So,  I hope some of the readers of this blog will help me (1) to understand what is intended just now of the term “post-racial” society,  (2) to estimate whether it can be arrived at via new laws or the studied interpretation of existing laws, such as the “Bill of Rights,”  and (3)  to help me understand why such a society would be desirable to all citizens in our republic or democracy.

RJR

8 Responses to “How Will We Live in a “Post-Racial” Society?”

  1. Macky Myers Says:

    In my opinion, we are already, for the most part, post-racial in America. To me, the real culpret is not race by socioeconomic entrapment where, unfortunately, races are cornered unable to breathe and barely move due to financial restraint and taxes. Coming up with money for the rent, light bill, and putting food on the table supercedes all else. When you can’t do that, the next human reaction is to look for someone to blame–a scapegoat–“they are not like us.”

    As more middle class Americans lose their homes to foreclosure and their jobs to robots, ATM’s, and corporate greed, many more whites will join the ranks of the poverty stricken where for the first time in our nation’s history a new generation has no hope of doing better than the previous one.

    Instead of a “melting pot” in America, we’re now looking at a grease fire on the back burner. Even those with jobs are heavily taxed at 30 percent taxation with Americans having to work from January until May just to pay “Uncle” (wicked step father?) Sam. Discretionary income for the middle class down is rapidly disappearing.

    I am amazed at the flood of articles I’m now reading where middle class America is forced to cut further and further back in discretionary spending each year. I have never seen so many article regarding ways to save money and how to adjust to the “NEW” economy where the lost jobs are never to return to America even when the “great recession” ends.

    My point is poverty and financial pressure are often the underlying cause of friction, racial tension, and outburst where the right side of the tracks looks like greener pasture to those forced on the wrong side.

    I think we often equate social outbursts in terms of race when poverty should be the real issue.

  2. Ellis Cafaro Says:

    Very nice post. But I must encourage anyone who is interested in this software to further your education and get books

  3. Forest Crump Says:

    “post-racial society”

    “I think most of those who use the term intend to signify a society in which prejudice and discrimination are in effect eradicated, and thus no one will be treated unfairly or criminally because of their ethnic characteristics: in particular, facial color and features. Maybe even dress, and sometimes these days, maybe even tattoos.”

    How about gender discrimination, one that many males are unaware of and women just accept.

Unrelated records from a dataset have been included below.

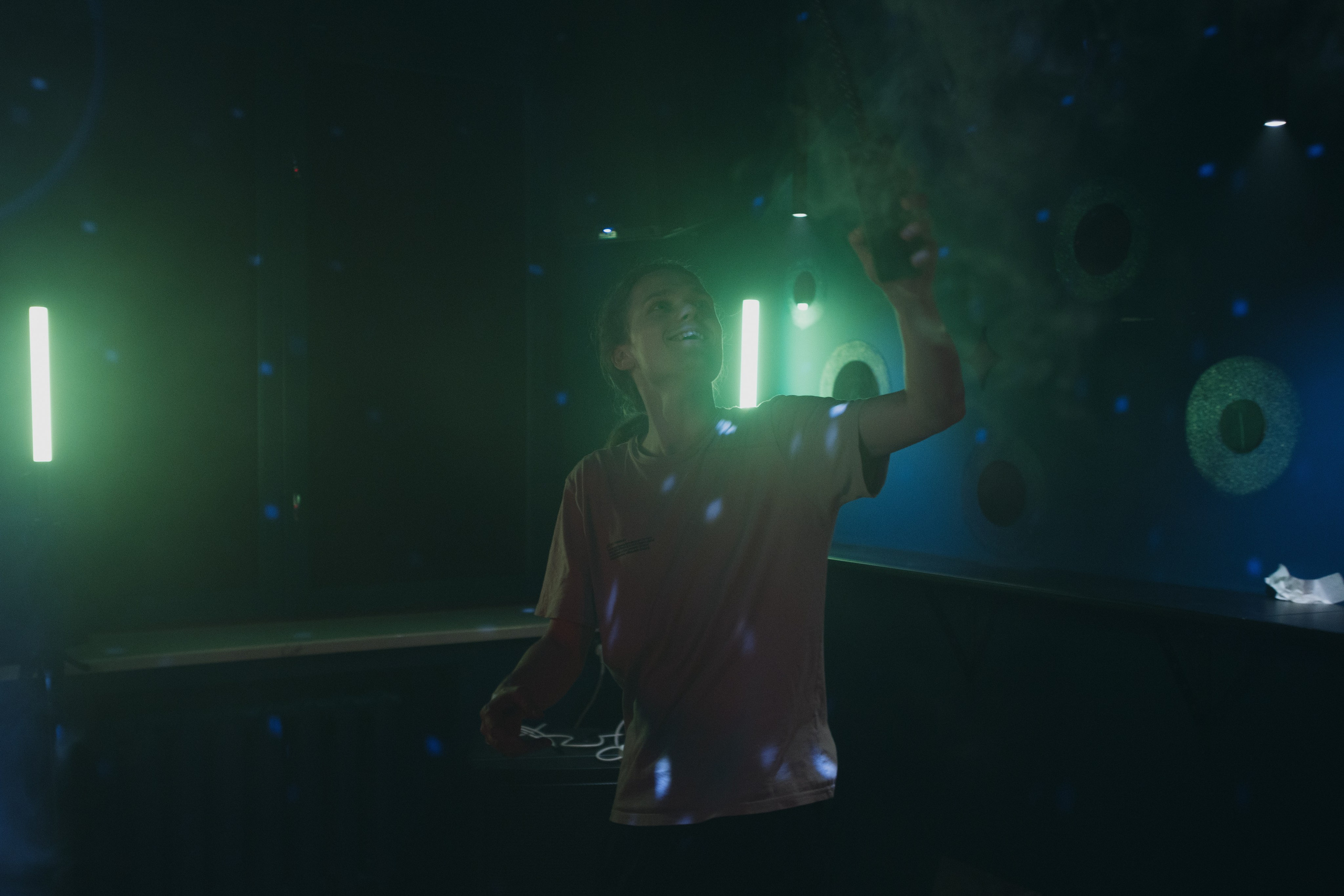 Zenka «Mind in Wine» backstage. Портретный Фотограф Александр «Konevtsoph» В Санкт-Петербурге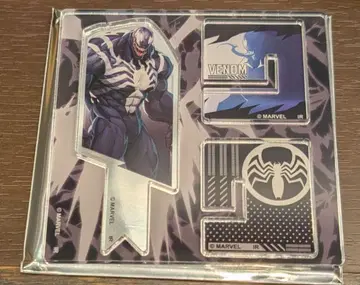 베놈 아크릴 스탠드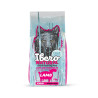 Ibero Cold Press Dog Junior M/L Jagnięcina 12 kg – naturalna karma tłoczona na zimno dla szczeniąt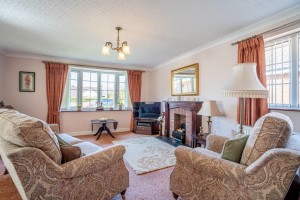 Images for The Village, Stockton On The Forest, York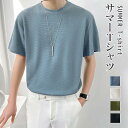 【5と0のつく日限定!1着半額!まとめ買い2枚購入割引クーポン利用で! 】Tシャツ メンズ トップス クルーネック インナー 涼しい 半袖 無地 薄手 ゴルフ ...
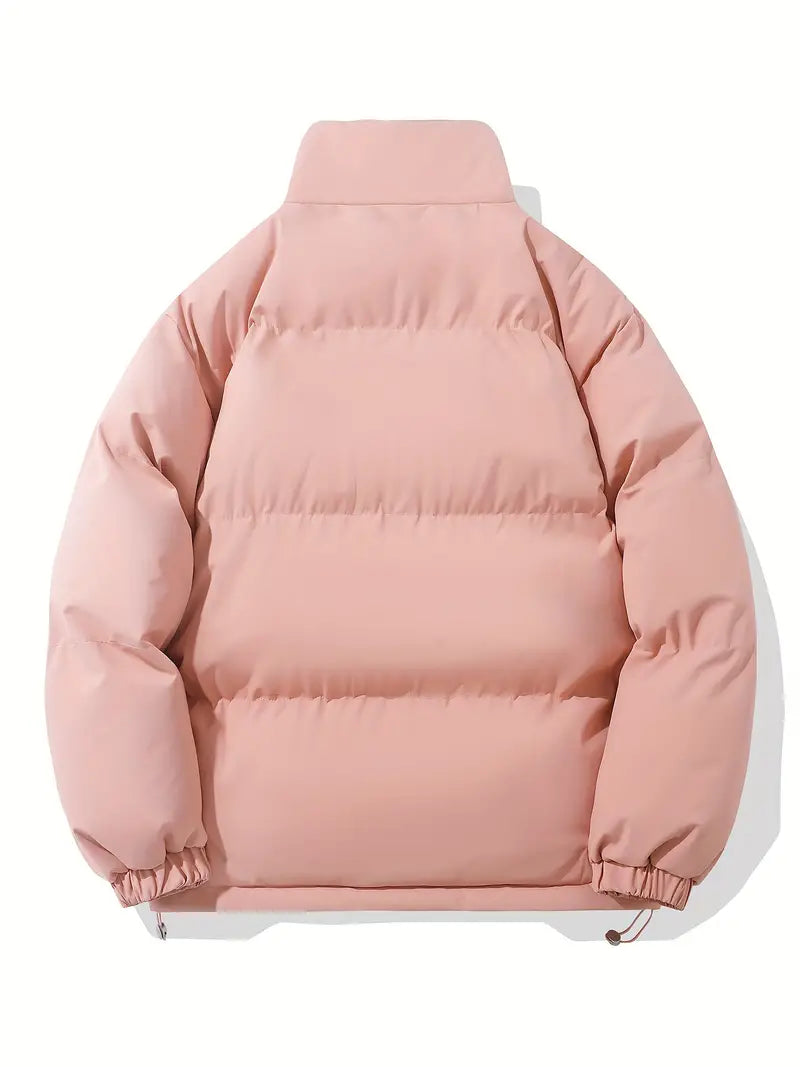 Steppjacke mit Kapuze - Clara
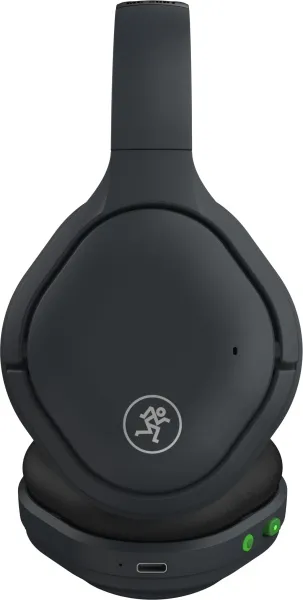 MACKIE MC-50BT MACKIE MC-50BT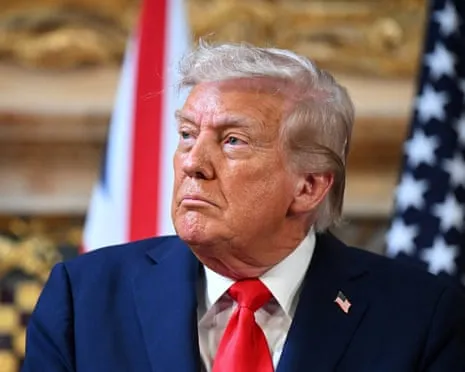 The President Indicates Broadcasters Could Be Penalized Due to Critical Reporting
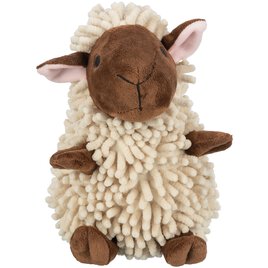 Schaf Plüsch 22 CM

    This might not line up correctly when I post the comment. It starts with a male with a HS education earns on average 32,085 and female 21,117 and ends with a male with a Professional Degree on average earns 100K and a female only 66K.

    A comparison of earnings Male/Female

    H.S.ed AA Deg BA/BS PhD Prof/Degree

    Male: 32,085 42,382 59,265 78,324 100,000

    Female: 21,117 29,510 36,532 54,666 66,055
    (Source Wikipedia)

    A male with a high school education earns 34% more than his female counter part. This might be explained by the type of work, construction/waitress, etc.

    A male with a BA earns 38% more than his female counter part. Again, it might be a choice of careers they go into.

    However, Professional Degrees, doctors, lawyers, dentists, vets, et al, where things should be on a more equal basis, males earn 34% more than their female counter part, the same disparity that exist with only a high school education.

  4. Frank B Maness,Jr. Says:

    If anyone gets left behind today is because they, meaning anyone missed their opportunities because the doors aren’t closed to no one! All things will never be totally equal. Everyone can’t be first in line! There is a system and to blame the system is no excuse. To better the system will always be on the table!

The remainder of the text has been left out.